DATASET EXTRACT -
╭──

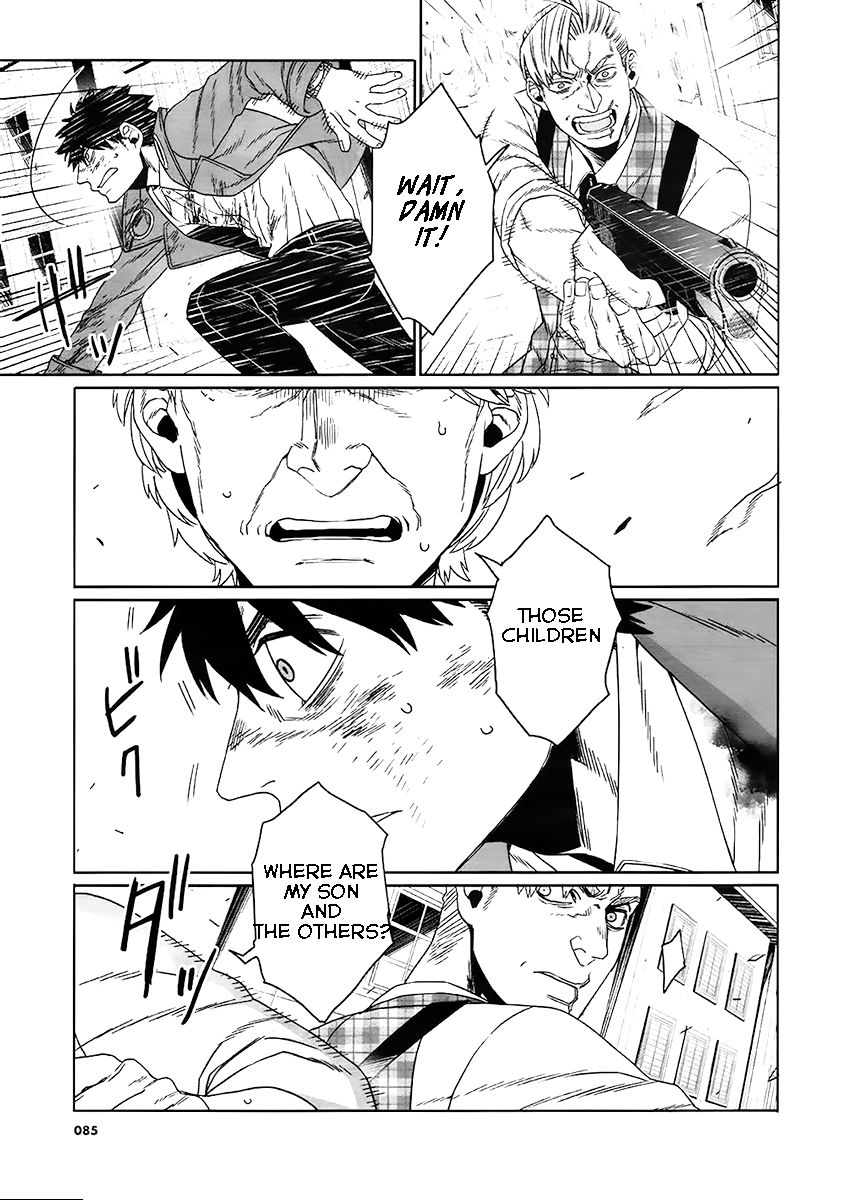 Gangsta.:Cursed. - EP_Marco Adriano Chapter 7 page 8 - Chapter 7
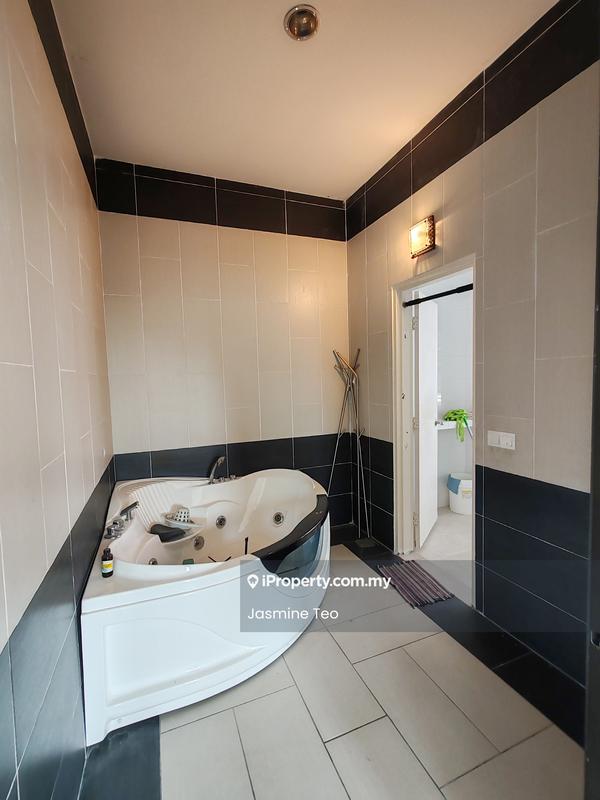 Rumah Berkembar untuk Dijual di Setia Damai 16, Setia Alam oleh Jasmine Teo - Bathroom - iProperty.com.my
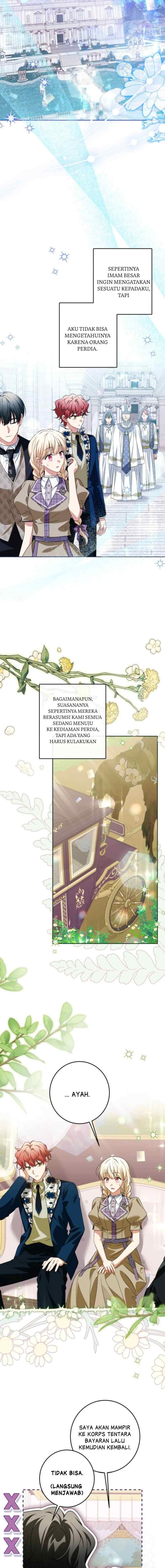 My Villainous Family Won't Let Me Be chapter 37 halaman 6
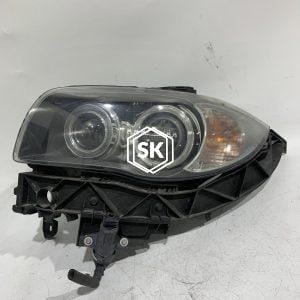 120I W320 HEADLIGHT L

╰──

EXERCISE OBJECTIVE - Write down exactly the lines running from the line with "Rumah Berkembar untuk" through the end of the material, both ends included, and none of the pictures.

EXERCISE RESULT -
 Rumah Berkembar untuk Dijual di Setia Damai 16, Setia Alam oleh Jasmine Teo - Bathroom - iProperty.com.my
 My Villainous Family Won't Let Me Be chapter 37 halaman 6
 120I W320 HEADLIGHT L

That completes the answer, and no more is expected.